Right now, you're very young, and you've given me a challenge this year that I never expected. Your dad and I have been trying to teach you boundaries which means tempering a few of the qualities that I love about you. You're independent, strong-willed, friendly and you know how to stick up for yourself. You have no idea how much I want you to retain these qualities, and it pains me every time I have to discipline you for doing just that. But it's also important for you to learn that there are times to follow directions, there are times to stay within physical boundaries and there are people you should not approach even just to say, 'hello.'
You probably won't remember this when you're older, but I hope you'll remember the lesson we were trying to teach. Just last week, Dada gave you a spanking (which is rare) because he wanted to impress upon you just how dangerous your actions were to yourself. You were in your room for some quiet time because you don't always take a nap anymore. You dad was tired too, and he fell asleep. A short time later, he woke and went to check on you. Your door was closed, but you were not in your room. He went downstairs to find the back door open and you and the dog both outside. You were across the way talking to some neighbors who were grilling out. Then you told him you had also taken his turtles (Russian tortoises) outside for a walk. He checked and saw that one was now back, but the other was indeed missing. He took you back outside to show him where you'd put the tortoise. You showed him the clump of grass under which you had buried Julius. He was relieved to see the animal was alive and well since the riding mower at our town home was being employed at that very moment. What you did that day was wrong on so many levels.

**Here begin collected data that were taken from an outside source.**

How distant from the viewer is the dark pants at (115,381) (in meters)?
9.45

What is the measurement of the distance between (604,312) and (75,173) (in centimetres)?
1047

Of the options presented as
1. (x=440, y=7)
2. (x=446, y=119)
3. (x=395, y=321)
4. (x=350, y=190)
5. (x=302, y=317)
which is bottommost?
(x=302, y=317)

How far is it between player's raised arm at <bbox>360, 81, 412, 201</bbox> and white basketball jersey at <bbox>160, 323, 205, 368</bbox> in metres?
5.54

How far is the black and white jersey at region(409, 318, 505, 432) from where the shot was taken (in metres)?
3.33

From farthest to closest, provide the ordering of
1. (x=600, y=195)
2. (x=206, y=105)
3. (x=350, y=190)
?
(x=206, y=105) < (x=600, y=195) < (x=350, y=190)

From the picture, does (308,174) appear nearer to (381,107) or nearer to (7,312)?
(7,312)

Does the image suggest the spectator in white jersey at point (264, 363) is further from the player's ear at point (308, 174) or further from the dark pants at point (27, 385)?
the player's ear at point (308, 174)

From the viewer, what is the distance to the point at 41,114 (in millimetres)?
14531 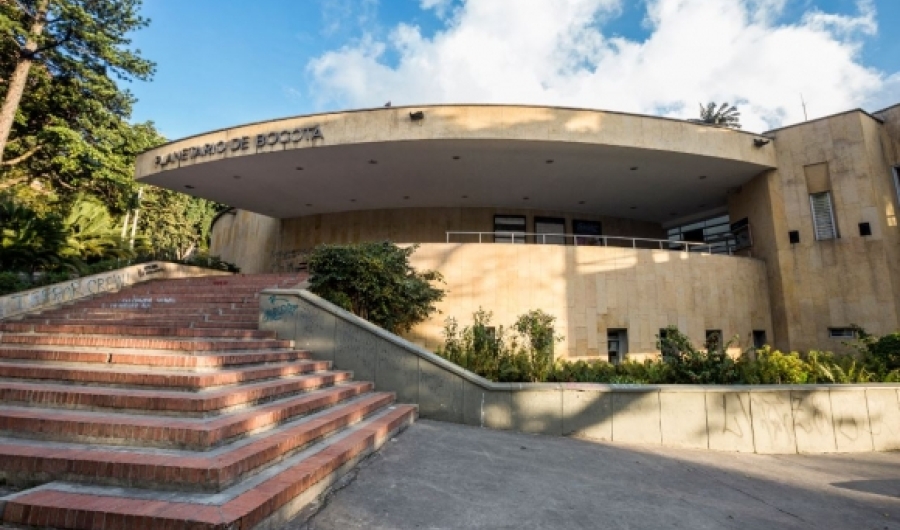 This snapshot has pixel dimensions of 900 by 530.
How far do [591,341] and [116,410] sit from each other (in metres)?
10.2

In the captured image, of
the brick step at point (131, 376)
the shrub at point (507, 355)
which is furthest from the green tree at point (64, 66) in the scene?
the shrub at point (507, 355)

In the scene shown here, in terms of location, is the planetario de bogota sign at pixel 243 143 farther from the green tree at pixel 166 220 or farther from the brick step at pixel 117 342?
the green tree at pixel 166 220

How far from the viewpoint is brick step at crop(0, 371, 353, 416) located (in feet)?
12.7

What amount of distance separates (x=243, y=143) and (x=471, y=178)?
752 centimetres

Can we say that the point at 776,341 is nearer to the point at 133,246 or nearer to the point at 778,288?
the point at 778,288

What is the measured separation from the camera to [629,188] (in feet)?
50.6

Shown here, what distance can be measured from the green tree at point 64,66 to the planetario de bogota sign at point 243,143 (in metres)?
5.18

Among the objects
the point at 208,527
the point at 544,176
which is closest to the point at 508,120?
the point at 544,176

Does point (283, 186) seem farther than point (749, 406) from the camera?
Yes

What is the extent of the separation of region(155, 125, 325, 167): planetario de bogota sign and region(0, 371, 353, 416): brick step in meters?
9.39

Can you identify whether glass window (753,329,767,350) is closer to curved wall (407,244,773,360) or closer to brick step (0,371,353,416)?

Daughter, you are so smart, and you know the rules. Yes, you really do. You know you're not allowed to leave your room during your short nap/quiet afternoon break. You know you're not ever allowed to leave the house without an adult. You know you're allowed to look at but not touch the tortoises. This last rule is more tricky. I've been trying to teach you which strangers are "safe" to talk to. The neighbors across the way probably are, and though I've spoken with them on occasion, I've never introduced you to them. Therefore, you should not have approached them on your own unless you were lost or hurt and could not find me or your dad. I know that's complicated!
Daughter, we want to see all the qualities that you displayed above. More than anything, we want you to be safe and happy. The other day, you did many things right. You let the dog out--she probably convinced you she needed to go. You put your shoes on before you went outside. You were courteous and friendly to the neighbors. You didn't cross the street. On a more gut level, you scared the crap out of us!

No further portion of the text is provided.